Dans les années 30 au Québec, le Frère Marie-Victorin, surtout connu comme fondateur du Jardin botanique de Montréal, se lie d’amitié avec son étudiante Marcelle Gauvreau, qui deviendra sa collaboratrice. Alimentée par un amour de la religion et une fascination envers la nature et la science, leur relation évoluera en un échange épistolaire, dans lequel ils explorent les désirs.

Critique du film

Lyne Charlebois revisite la relation épistolaire pendant les années 1930 au Québec entre le frère Marie-Victorin, spécialiste de la botanique, et son élève Marcelle Gauvreau. Leurs échanges abordent, avec une curiosité chaste, les liens complexes entre science, spiritualité, désir et sexualité, observés avec enthousiasme par ce couple dont la relation platonique se conforme alors aux codes imposés par l’Église.

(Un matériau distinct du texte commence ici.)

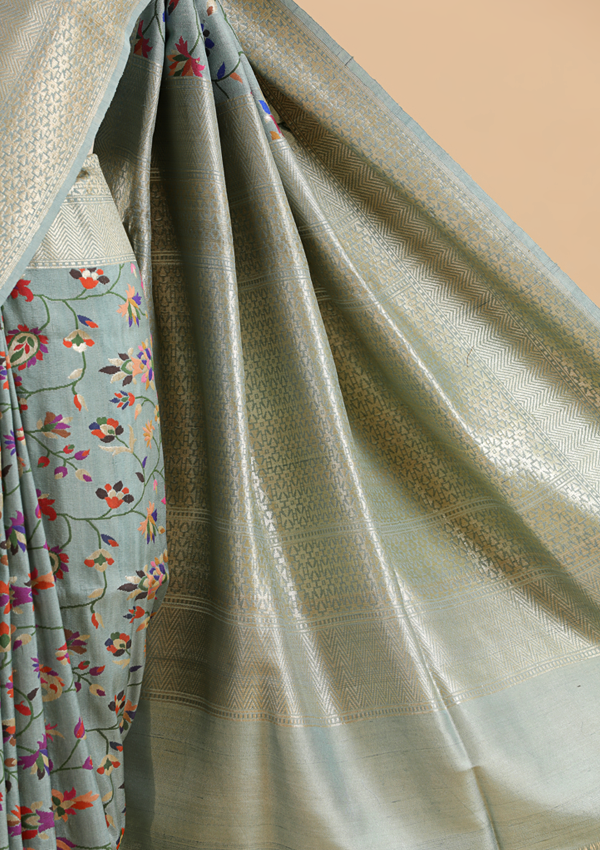 Sky Blue Jaal Saree in Georgette Tussar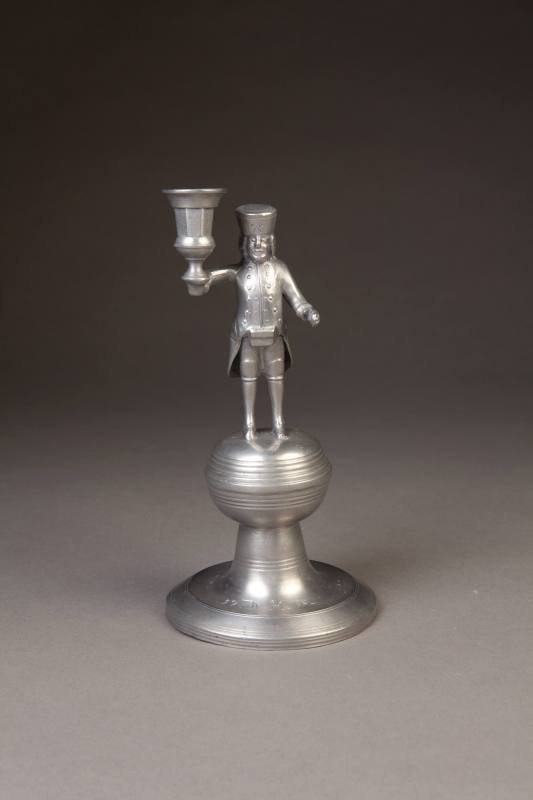 Christian August Klemm, Figural Miner Candlestick, 1807. Pewter. Dixon Gallery and Gardens; Gif ...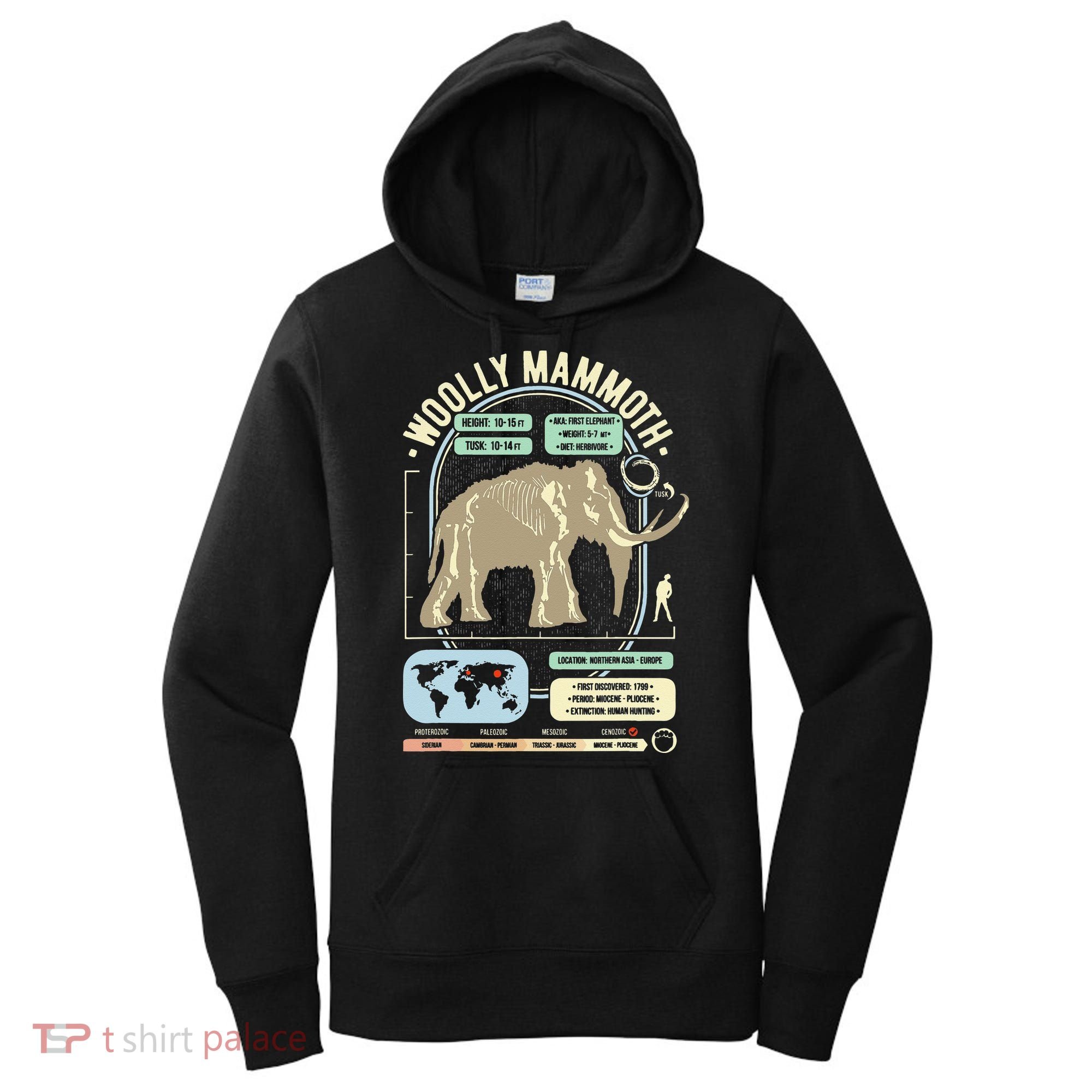 Dinosaur Facts Woolly Mammoth Science & Anatomy Gift Women's Hoodie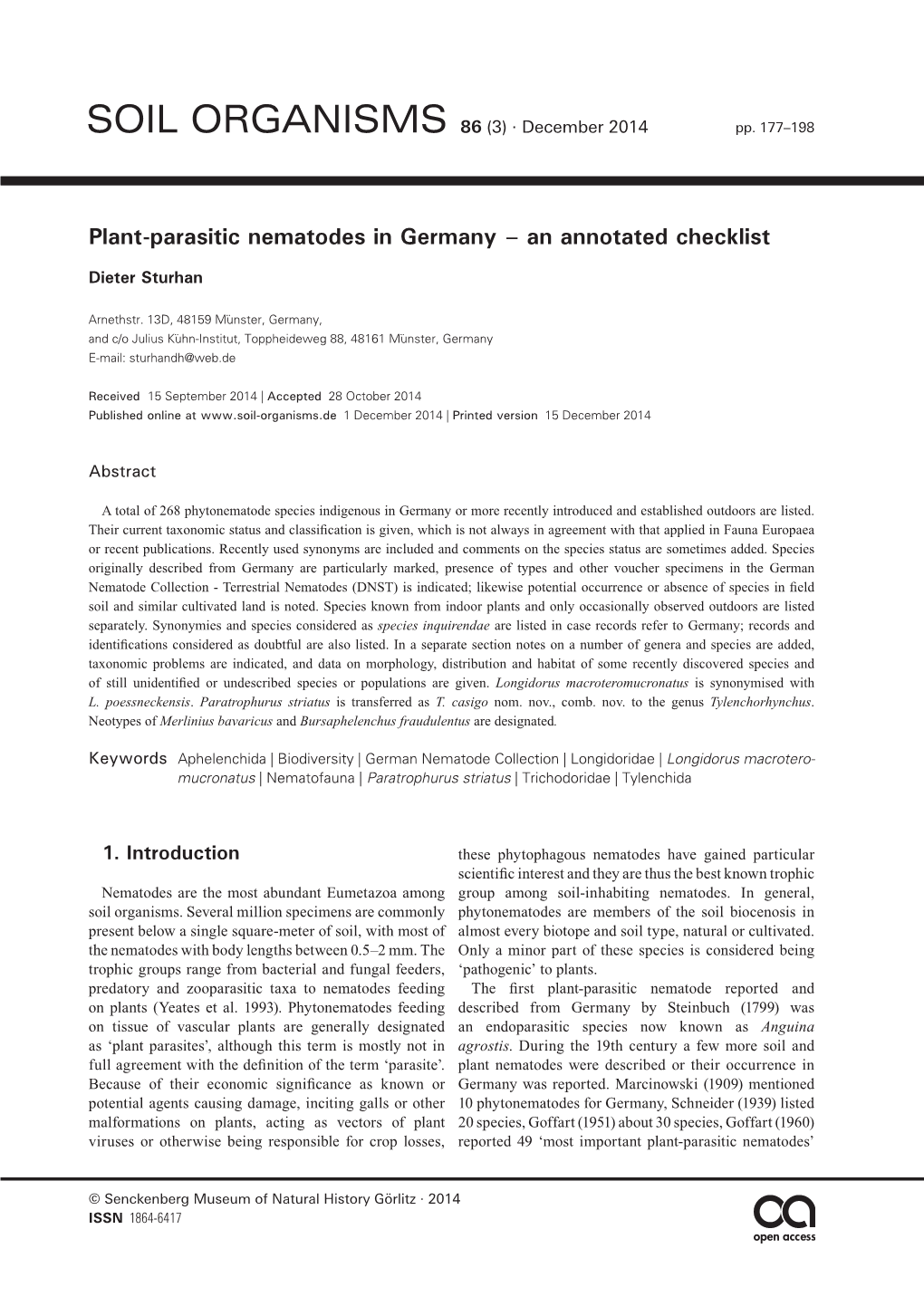 Plant-Parasitic Nematodes in Germany – an Annotated Checklist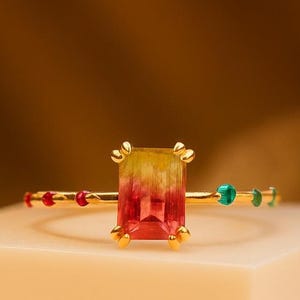 Watermelon Tourmaline Emerald Cut Engagement 14K Gold Ruby and Emerald Art Deco Band Ring, Prong Set Wedding Band Ring, Minimalist Jewelry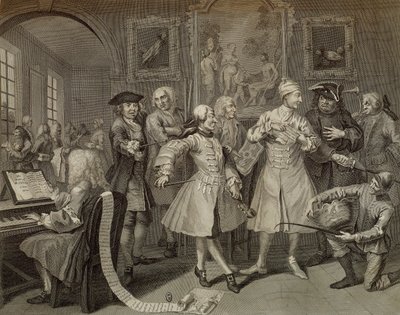 Tom Rakewell umgeben von Künstlern und Professoren, Platte II aus The Rake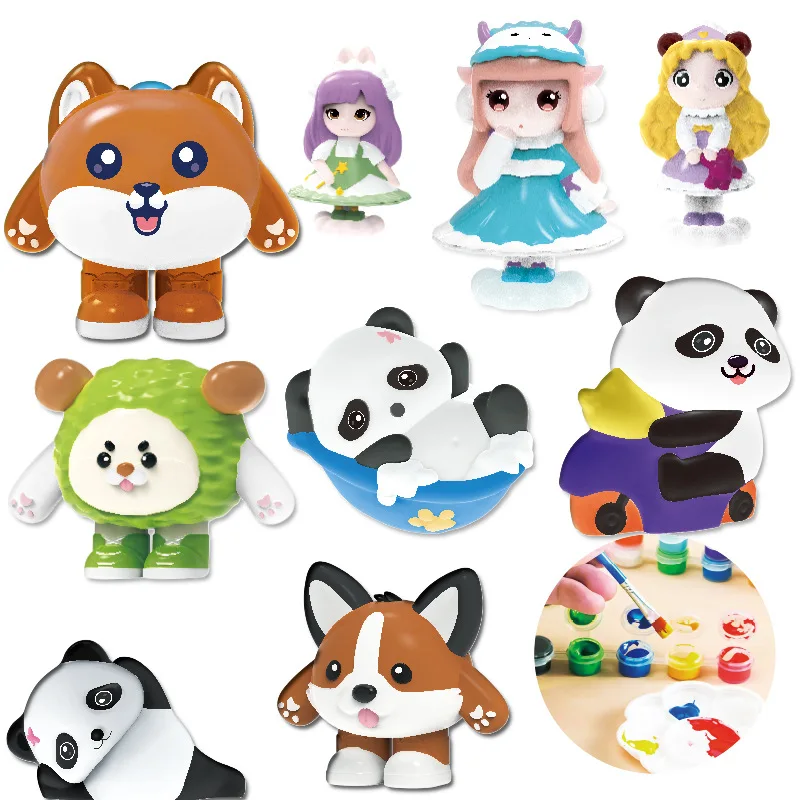 New 3D Three-dimensional Handmade Coloring Plaster Dog Panda Princess Toys Creative DIY Kids Painting Coloring Graffiti Toys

Le film double ce récit historique d’une mise en abyme contemporaine, où les acteurs Roxanne et Antoine, chargés d’incarner ces personnages, explorent leur propre relation au contact de cette histoire.

L’amour platonique est d’abord présenté comme un terreau fertile, favorisant l’épanouissement personnel et l’exploration de soi. Progressivement, il se dévoile comme le moteur même de la curiosité scientifique et spirituelle autour du désir. Ce cheminement conduit peu à peu le frère Marie-Victorin et Marcelle à repousser les frontières de la connaissance de soi et de l’autre, jusqu’à ébranler les cadres rigides qu’impliquent la discipline professionnelle et les contraintes religieuses.

Privés de contact physique, les protagonistes retrouvent une sensorialité autrement éteinte grâce à leur immersion dans la nature. Le toucher, l’odorat et les textures végétales deviennent des relais d’intimité, les plantes faisant office de messagères silencieuses entre leurs désirs et les barrières inhérentes à leur relation platonique.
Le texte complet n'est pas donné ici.